近年、団地(公団住宅、UR住宅)というと若者に人気がなく、高齢化が進む一方というイメージで語られることが多いと思います。昭和の時代にファミリー層向けに作られ、当時は賑わっていたものの、加齢、人口減、都心回帰、マンション建設の増加とマンション志向の高まりなどに伴って、段々と寂れている、そんな印象が強いと思います。確かに芝園団地でも日本人住民は減り続けており、団地併設の小中学校もここ十年ほどで閉校してしまいました。しかし、代わりに中国人のファミリー層が大挙して入ってきています。
URは、高齢化が進む各地の団地で「団地再生事業」を行っています。部屋をリノベーションするなどして、若い世代を呼び込もうとしているのがうかがえます。ですが芝園団地では、いわば何の苦労もなく、若い世代が入居しています。客観的に見れば「かつての賑わいを取り戻した」ともいえるのではないでしょうか?
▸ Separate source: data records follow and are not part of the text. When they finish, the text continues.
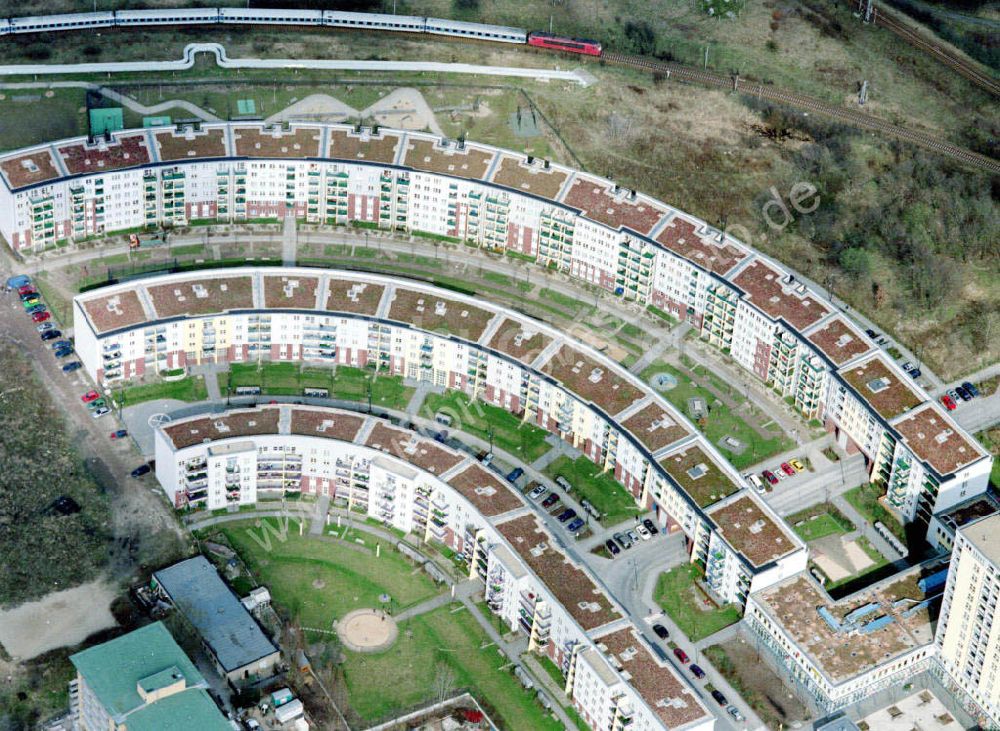 Berlin / Lichtenberg aus der Vogelperspektive: Wohnsiedlung in Lichtenberg am der B1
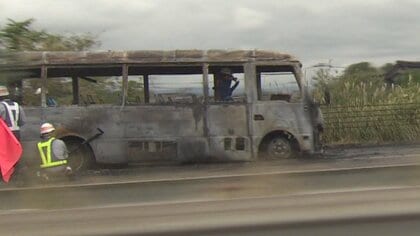 名古屋刑務所のマイクロバスが全焼、受刑者護送中に緊急停車　 運転席付近から煙出て炎上　今年3月に納車したばかり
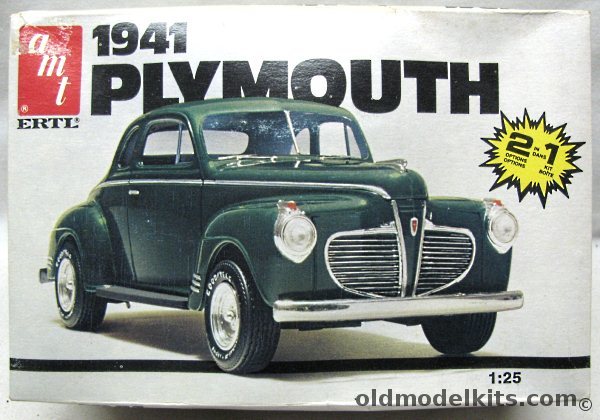 AMT 1/25 1941 Plymouth Model P-12 - Four Passenger Coupe -, 6583 plastic model kit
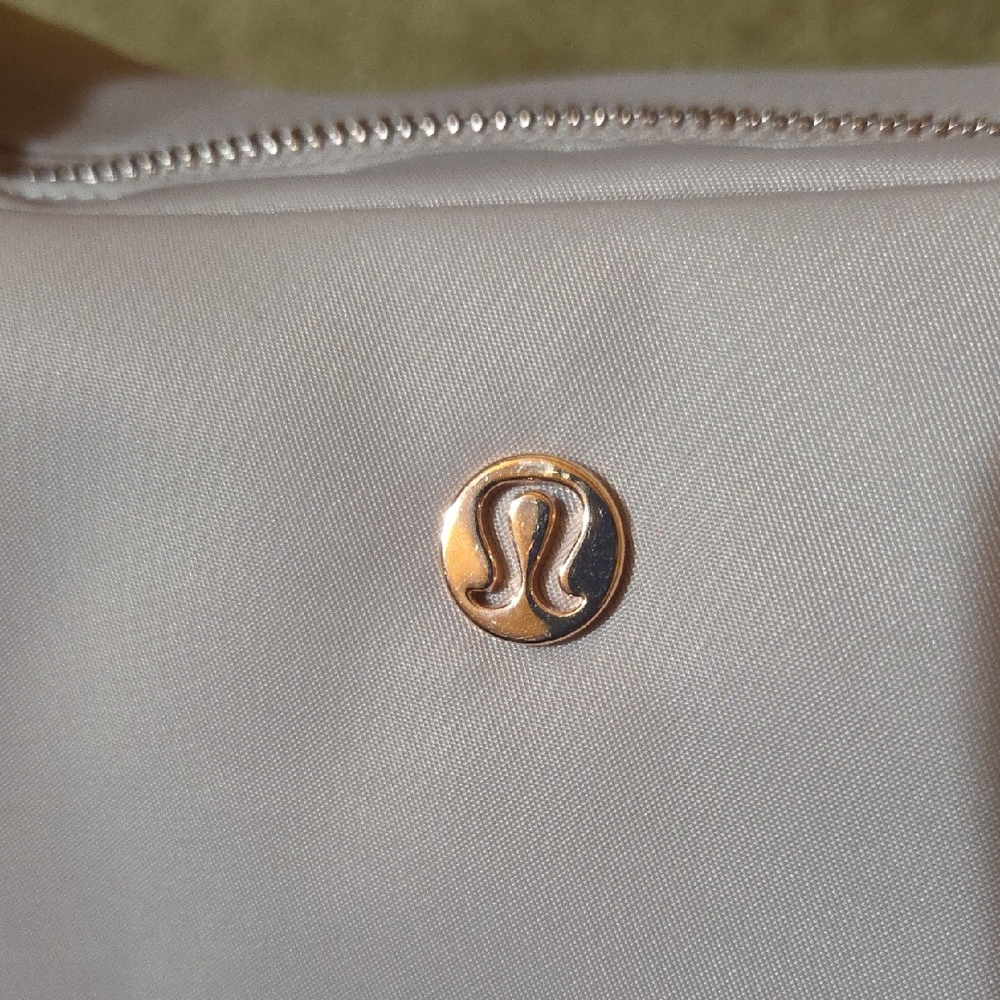 lululemon athletica Light Blush Shoulder Hobo Bag NWT Pink - Picture 6 of 7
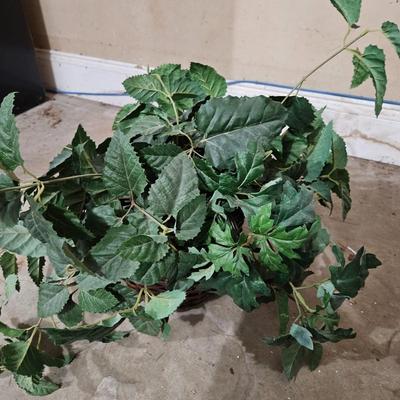 10 Faux Ivy Plants (LR-DW)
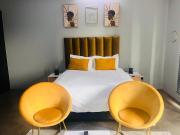 Chic Urban Studio with Great Views in Maboneng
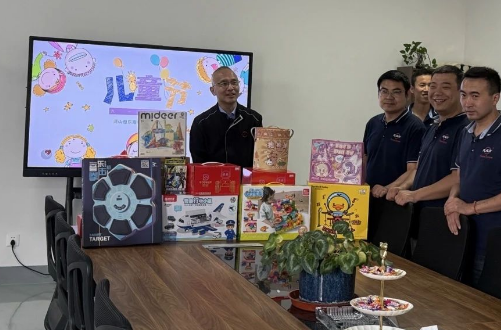 寶貝，希望你永遠童心童趣童夢，兒童節快樂！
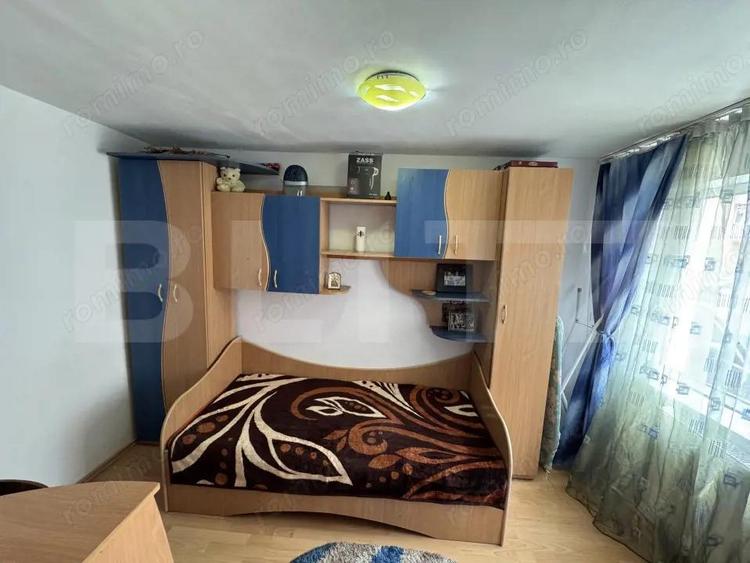 Apartament cu 3 camere, 45 mp, zona 23 August - 6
彼らは子供を団地内の保育施設に通わせ、団地のスーパーで買い物し、休日は一家で団地内の飲食店に行ったり、広場で遊んだりしています(下の写真)。さらに、大規模な団地には必ず備わっている、広場、飲食店、保育施設などの施設を活用し、外国人住民同士の交流も持っています。話している言葉が違うだけで、ほとんど当初の想定通りの暮らし方をしているといえるのではないでしょうか。
ハワードの田園都市構想に端を発し、戦前の同潤会や住宅営団、戦後の日本住宅公団へと受け継がれてきた集合住宅団地建設においては、団地はただの住宅群ではなく一つの街であるという観点から、上述したようなコミュニティ施設が必ず付設されていました。現在でも、こういった施設の存在が、日本という異国で暮らす外国人住民の暮らしやすさにつながっているように見えます。
このように、コミュニティ形成を後押しする建造環境の潜在力とでもいうべきものが団地に備わっているのではないかという気がしています。もっとも、芝園団地では「若い外国人」「高齢の日本人」の間で分断があり、なかなか交流が進まないという現状があるわけですが、その解決のために活動する「芝園かけはしプロジェクト」の活動場所が団地の集会所であることも、団地のハード面でのメリットを生かした例といえるのではないでしょうか。